Theresa May makes last-ditch plea for MPs to back her Brexit deal

Theresa May has made a last-ditch plea to MPs to get her Withdrawal Agreement over the line and deliver Brexit on May 22.

In a special sitting of the House of Commons on the day initially scheduled for the UK to leave the European Union, the Prime Minister told MPs: “This is the last opportunity to guarantee Brexit.”

Mrs May was buoyed by declarations from hardline Brexiteers including Boris Johnson, Dominic Raab, Jacob Rees-Mogg and Iain Duncan Smith that they will vote with her in the crunch division

As MPs prepared to vote, Mrs May said: “If you want to deliver Brexit, this is the moment.

“If you are passionate about making sure the United Kingdom leaves the European Union, back this motion. If you care about our Union and want a deal that protects it, back the motion.

“If you want to honour the referendum, but want Parliament to shape our future relationship, back this motion.

“It’s the right thing for our country, it’s the right thing for our constituents.”

But victory still seemed likely to remain beyond her grasp, as the Democratic Unionist Party and a clutch of influential Leave-backing Tories made clear they will continue to oppose the agreement reached with the remaining 27 EU states in November.

DUP Brexit spokesman Sammy Wilson said the Northern Irish party’s 10 MPs will vote against the agreement because it “betrays the wishes of the vast majority of people who voted to leave”.

Mr Wilson told MPs that passing the deal would make it “impossible to find a way of securing the kind of assurances required to make sure the United Kingdom is not broken up.”

And former Cabinet minister Owen Paterson said that to avoid “catastrophic damage” to their party, Tory MPs must “stand up for the 17.4 million people who voted Leave, firmly resolved to deliver Brexit in full on April 12”.

Withdrawal Agreement: what the government needs to do to win
Withdrawal Agreement: what the government needs to do to win

Labour leader Jeremy Corbyn urged his own MPs to “act in the best interests of their constituents and vote down this unacceptable deal”.

In an apparent bid to woo wavering Labour MPs, Mrs May said the Government would have backed an amendment from the party’s Gareth Snell if it had been selected for debate by Speaker John Bercow.

She promised legislation to put into effect the provisions of the amendment, which would give Parliament the right to set the negotiating mandate for talks on future relations with the EU and require MPs’ authorisation for any deal.
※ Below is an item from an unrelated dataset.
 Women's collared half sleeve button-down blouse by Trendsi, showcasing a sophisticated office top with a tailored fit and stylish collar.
In a special Friday sitting of the Commons, MPs were debating the legally binding treaty segment of the Prime Minister’s Brexit deal, but not the accompanying Political Declaration setting out plans for the future EU/UK relationship.
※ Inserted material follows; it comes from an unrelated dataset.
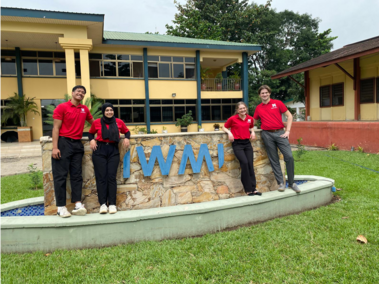 People in front of sign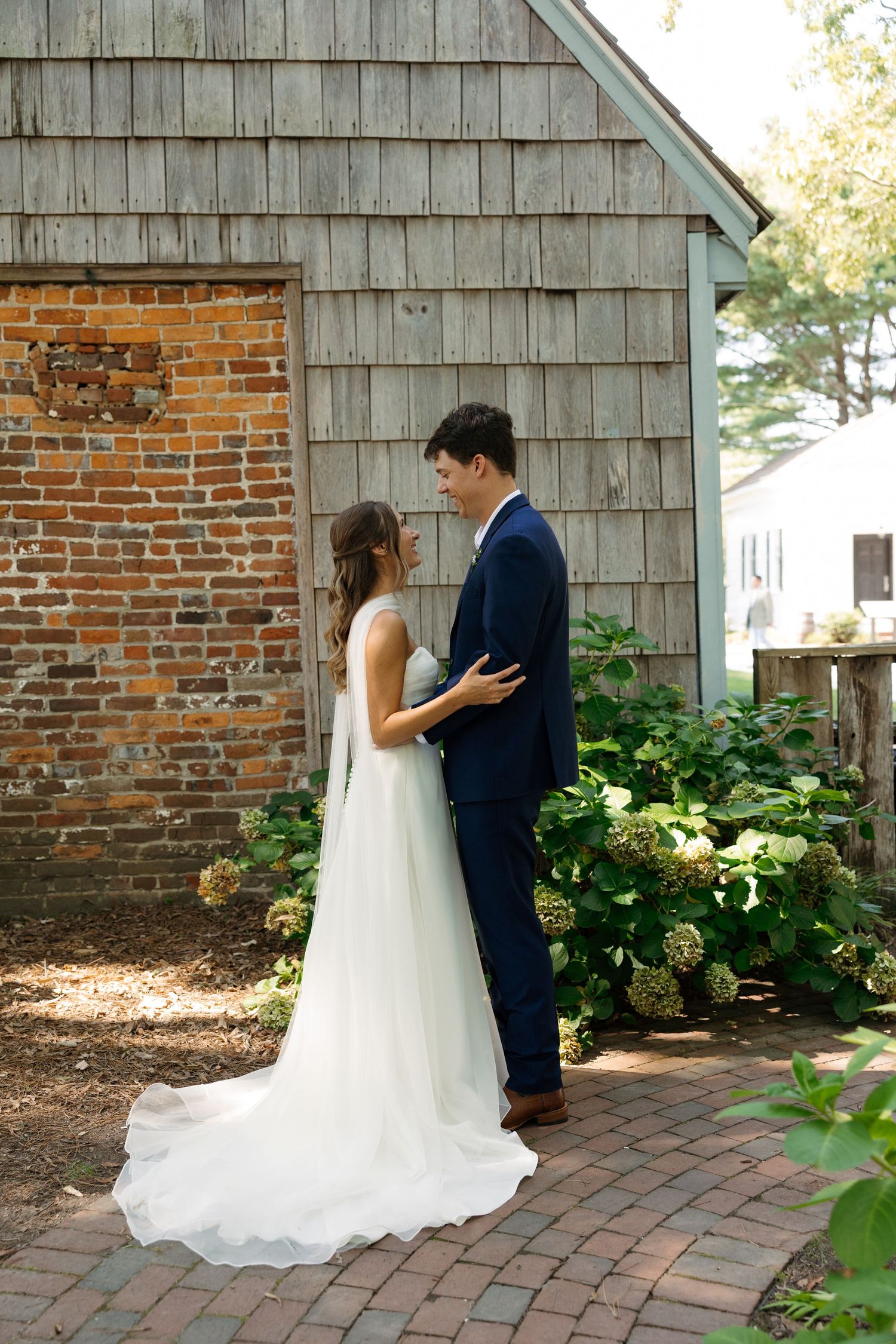 Bride and groom share a tender moment outdoors near a rustic brick and wood building surrounded by lush hydrangeas.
Attorney General Geoffrey Cox speaks in the House of Commons
Attorney General Geoffrey Cox speaks in the House of Commons

The PM’s decision to split the two parts of the package means it does not qualify as a third attempt to pass a “meaningful vote” on the Government’s Brexit deal.

Under the terms of an agreement with Brussels, a positive vote would qualify the UK for an automatic delay to May 22 of the formal date of Brexit.

Defeat would give the UK until April 12 to ask Brussels for a further extension to Brexit negotiations – which would require it to take part in May’s elections to the European Parliament – or leave the EU without a deal.

European Commission spokesman Margaritis Schinas confirmed that the agreement on its own was “necessary and sufficient” to deliver an orderly Brexit.

But he told a Brussels press conference that the deal must also be ratified by Parliament, something which Brexit legislation makes clear can only happen after the Political Declaration has been approved by MPs.